Each week, Bryan Lienesch puts together his power rankings, and in looking over the list, there were certainly a few things that required a bit of follow-up discussion. I got a chance this morning to discuss a few things with him, specifically regarding the red-hot Atlanta Braves.
GuysNation Rob: When you come up with your Power Rankings, what are the top two factors you look at each week?
Bryan (@bclienesch): Well I think the top two factors have to be a team's record juxtaposed with their strength of schedule and how they've fared specifically since the last rankings.
How about individual players? When someone is added to a team through a trade, or a batter goes into a slump or someone is sidelined by injury, is that taken into account?
Bryan (@bclienesch): Sure. These past rankings were especially difficult because the trade deadline has just occurred and we really don't have a large enough sample size to see how teams will respond. Injuries also are factored in but we've seen teams react differently to impact players hitting the DL. Washington shined with a pile of stars sidelined while the Dodgers seemed to struggle the second Matt Kemp went down.
Slumps don't weigh in so much as they're fairly hard to predict when they will begin and end.
Bryan (@bclienesch): Yes, absolutely. New York and Washington are within just a couple games of one another but the Yankees have the toughest strength of schedule in the league. A part of that is from playing in the AL East, but that doesn't explain it all. If it did, Toronto and Boston would have tougher schedules because, of course, they have to play the Yankees regularly.
When the two play their division's worst teams, I think there is a striking difference between Toronto and Miami.
So it's an overall strength of schedule, then? Because when I'm seeing that the Yankees only took ONE win against the Orioles in New York last week, and lost a game to the lowly Mariners this past weekend, I'm not seeing a lot of strength there.
Bryan (@bclienesch): Yes. What you're referring to definitely factors in but every team goes through highs and lows. If we judged solely based on every two weeks, Cleveland would have easily been the worst team this week and I think it's fair to say that's just not true. For teams to really fall down in the rankings, especially when they've had as good a season as New York or Washington has had, you really need to see a consistent downturn in their play. People probably forget back in June the Yankees swept the Nationals IN D.C. Was that a statement? Absolutely. But that wasn't an accurate reflection of those two teams, either.
Safe to say that losing two-of-three to the Phillies is not as impressive as the Yankees doing the same against the Orioles, given that the Fightin' Phils are in the position people expected from Baltimore this year—ten games under .500 and not even sniffing the Wild Card?
Bryan (@bclienesch): That is true, and record in contrast to how they've done recently is an interesting debate. Baltimore is 6-4 in their last 10 games and Philly is now 5-5. For Baltimore, that's sort of on par with their season so far whereas Philly, whose record you see is worse in the same span, has shown marked improvement in relation to their season so far.

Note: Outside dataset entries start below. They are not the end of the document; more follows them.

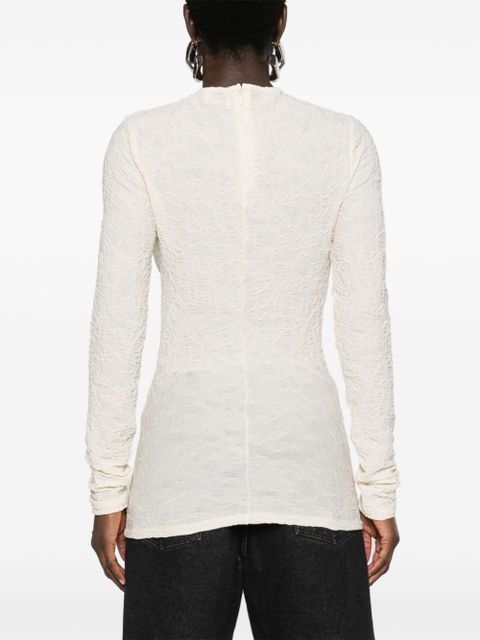ISABEL MARANT Floride jacquard top - Neutrals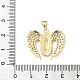 Латунные микро проложить кубического циркония подвески KK-L243-05G-02-3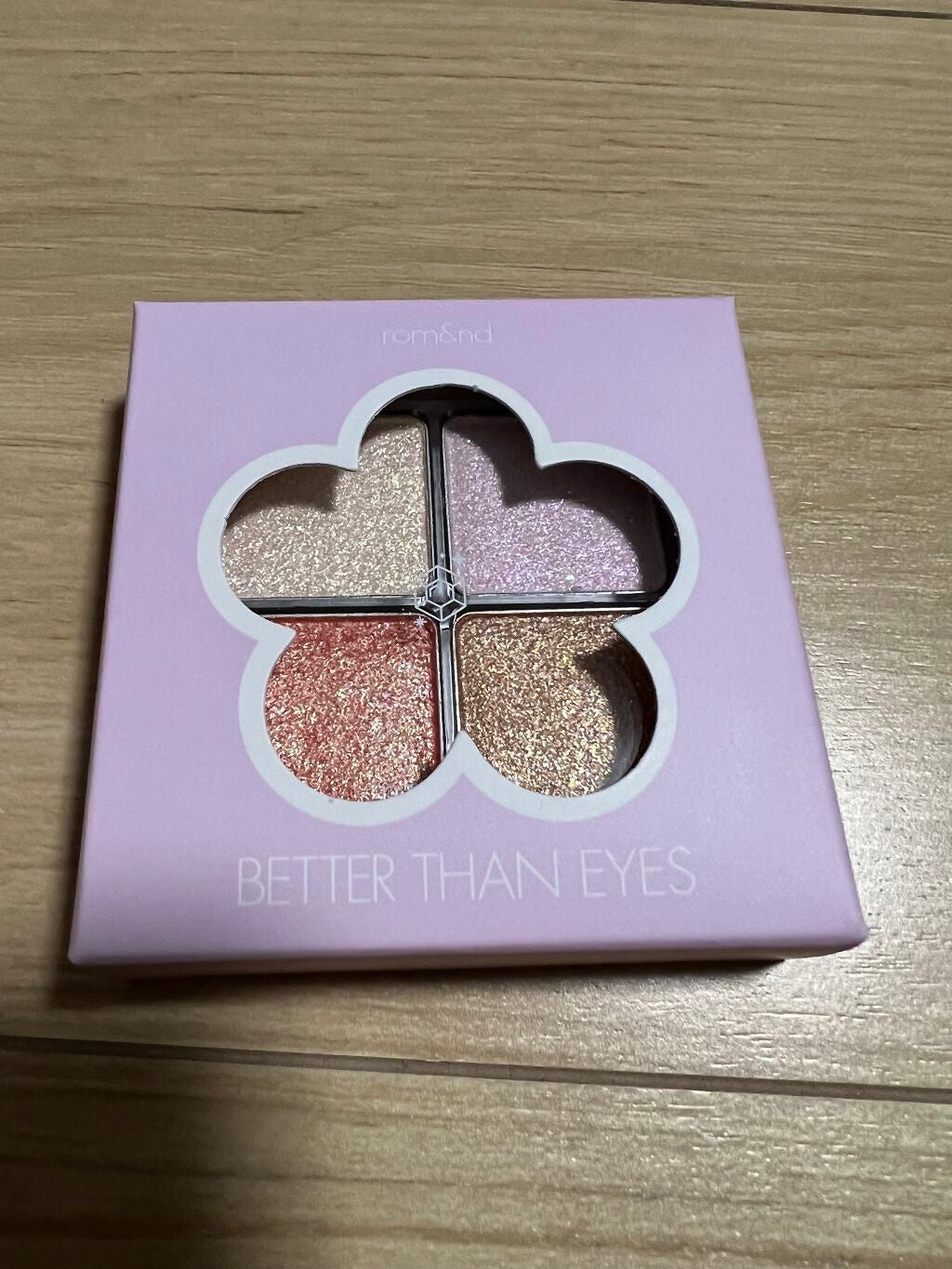 ベターザンアイズ/rom&nd/アイシャドウパレットを使ったクチコミ(1枚目)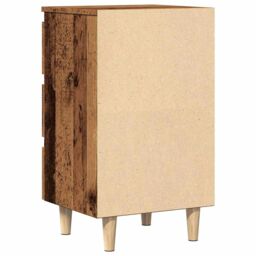 Berkfield Home Bedside Cabinet Old Wood 40x35x69 cm Engineered Wood in Brown - Size: 40 x 35 x 69 cm - thumbnail 6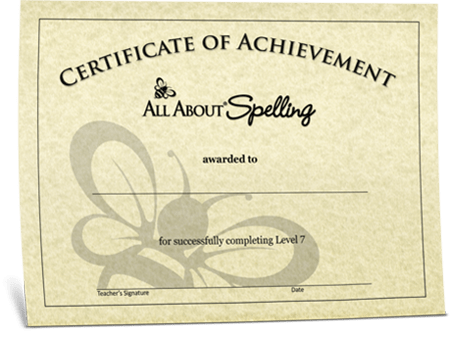 All About Spelling Level 7 Student Packet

Again, not all teams are created the same at the same time. Philadelphia and Miami are within a half game of one another and the Nationals lost two of three to one team and took three of four from another. How do you explain that? The answer is you can't, really. All you can do is interpret results with an informed point of view.
Is this Atlanta Braves comeback for real?
Bryan (@bclienesch): It's tough to say. Everyone forgets that for as bad as the Red Sox were at the end of the season last year, the Braves were equally bad. And when they lost Beachy, I honestly thought that was the end for their postseason aspirations. But everyone else has sort of stepped up and Ben Sheets has been the answer to their prayers. But given his history, there are legitimate question marks as to whether or not that can last for another two months.
They've been destroying the NL East in the past month. How happy are they for the upcoming road trip that takes them to Philly for three and then another three in New York against the Mets—and nowhere near D.C.?
Bryan (@bclienesch): At this point, not having the two face each other poses this sort of "shoot off" between the clubs as to who can beat up on the rest of Major League Baseball better. With the way Atlanta has been playing, I think anything less than four wins between their series against New York and Philly has to be considered a failure at this stage in a pennant race.
At no point in the past 15 games has Dan Uggla registered a multi-hit game. His batting average is in the low .200's. He hasn't hit a home run in four weeks. At what point do they shut him down for a while?
Bryan (@bclienesch): I don't think they do. Maybe you increase the number of days you give him off, but I don't think you ever give him more than one day off. He's just too good. And historically, he's always been a very hot-and-cold hitter. After flirting with the all-time hit streak record, he turned in a season that was not equally impressive. That's because there were a number of rough patches along the way. He's had a tough month, but I don't believe you ever sit a hitter as proven as he is.